Contudo, as pessoas carregavam garfos gigantescos e quando começavam a comer, não conseguiam por a comida na boca, pois as dimensões do garfo (e o fato de poderem pegá-los somente na ponta) não possibilitava alcançar a boca. Ficaram horas brigando com eles mesmos e depois entre eles por não conseguirem comer.

O fotógrafo ficou assustado, saiu correndo e pegando o carro foi viajar em direção ao céu.

Chegando no céu a mesma visão… o mesmo banquete… porém, as pessoas chegavam felizes, todas bem saudáveis e ele não entendia o porquê, pois não via nenhuma diferença, até mesmo na dimensão dos garfos.

Porém, quando começaram a comer via que eles não procuravam alimentar-se sozinhos, pois assim não conseguiriam como acontecia no inferno.
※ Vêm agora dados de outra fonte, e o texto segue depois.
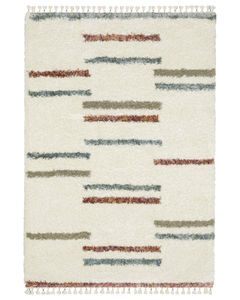 Axis ax04a Ivory/Multi Area Rug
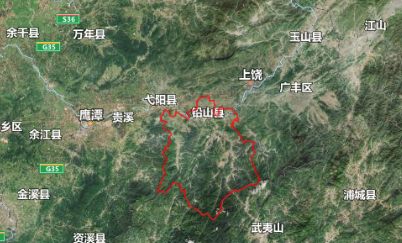 铅山为什么念yan?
Em vez disso, pegavam a comida e alimentavam a pessoa ao lado, cada um pedia ao outro aquilo que desejava e lhe era dado pela pessoa ao lado.

Assim, o jornalista havia entendido que a diferença entre o céu e o inferno é justamente essa capacidade que se desenvolve de AMAR e também deixar-se ser amado (que também é amor).

Aquele vídeo deixou marcas dentro de mim e me fez entender que nenhum discurso deve passar por cima do meu esforço de viver pelas pessoas, de pensar naquilo que os outros também desejam, ir além da minha realidade e do meu próprio umbigo… Não que consiga sempre… mas é um esforço cotidiano que, ao meu ver, pode realmente mudar um pouco do mundo caótico em que vivemos.